WORK REQUEST: Starting at the line with "Mujer furiosa destruyó" and ending at the line with "Flamingo Inn Beachfront", print exactly the lines of the entries below. Pictures do not belong in the copy.

MATERIAL FOR THIS TASK:
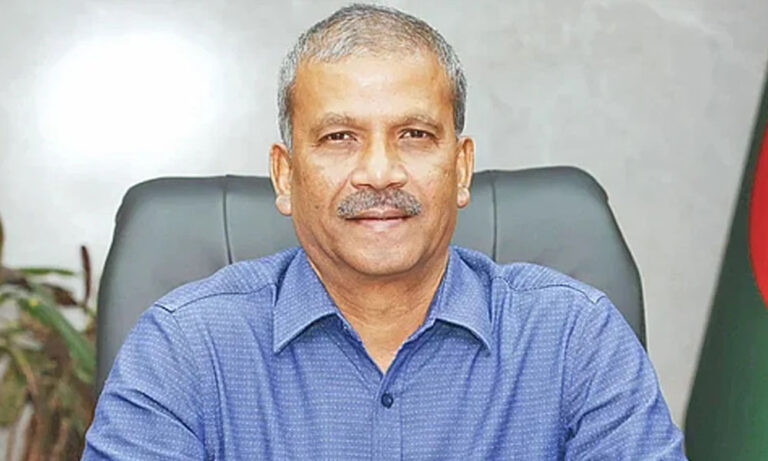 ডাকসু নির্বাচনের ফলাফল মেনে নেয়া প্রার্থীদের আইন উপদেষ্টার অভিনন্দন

==

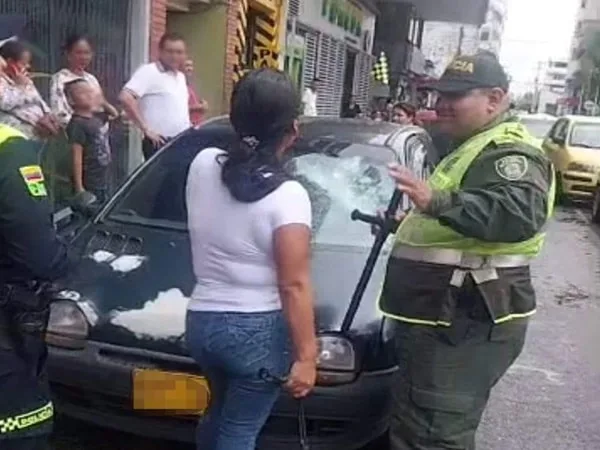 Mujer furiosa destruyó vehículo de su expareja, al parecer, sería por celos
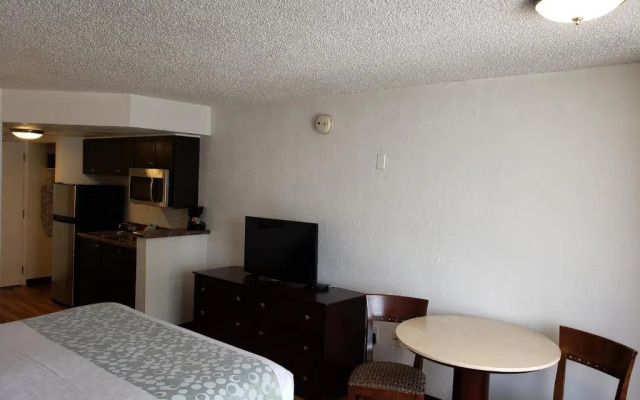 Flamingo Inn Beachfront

RESPONSE FOR THIS EXERCISE:
 Mujer furiosa destruyó vehículo de su expareja, al parecer, sería por celos
 Flamingo Inn Beachfront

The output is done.